Dass von den aktuell 154 574 Einwohnern in Prenzlauer Berg jeder zweite Baby oder Kleinkind ist, stimmt natürlich trotzdem nicht. Das wusste das Institut für Bevölkerung und Entwicklung schon 2009. Und daran hat sich bis heute nichts geändert. Gleiches gilt für die Geburtenrate. Irgendwie blöd, wenn man das plötzlich nachprüfen kann.
Prenzlauer Berg ist ein „Berg“
Ganz genau haben die Behörden nur eine Frage beantwortet: Wie viele ausländische Bewohner hier leben, kann man bis auf die Teil-Ortsteil-Ebene (Prenzlauer Berg Nord, Nordost, West,…) hinunter nachlesen. Aber das interessiert ja wirklich nur Exil-Schweizer, die bei der Volksabstimmung in ihrem Bergland nicht mitmachen durften, weil sie schon zu lange Berlinern die Jobs wegnehmen.

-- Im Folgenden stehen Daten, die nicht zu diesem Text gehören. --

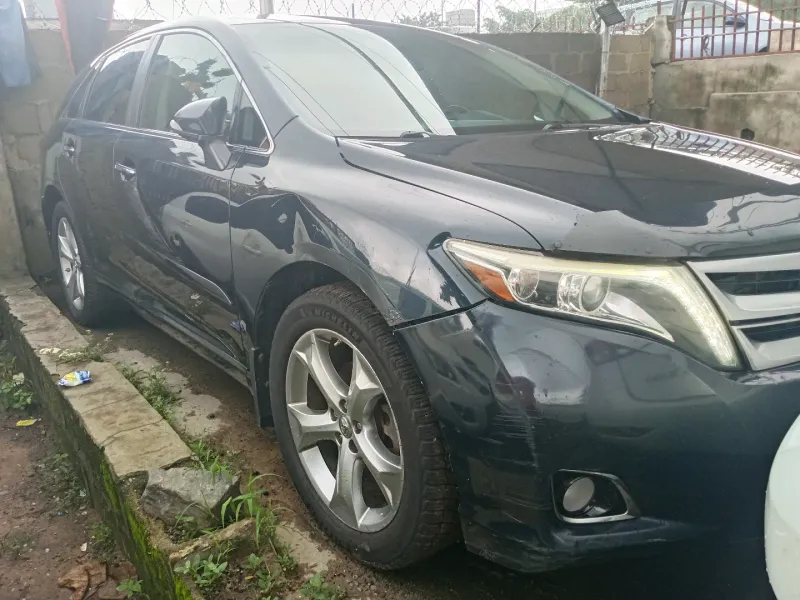 Thumbnail 2 of 2015 Toyota Venza XLE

Das Wort Prenzlauer Berg kommt auf den 576 Seiten der gedruckten Ausgabe des Statistischen Jahrbuchs übrigens genau einmal vor. Gemeint ist damit die neunthöchste „Bodenerhebung“ Berlins – von einem Berg sprechen bei 91 Metern über dem Meeresspiegel wohl nur Holländer – und die tauchen statistisch gesehen hier nun so gar nicht auf.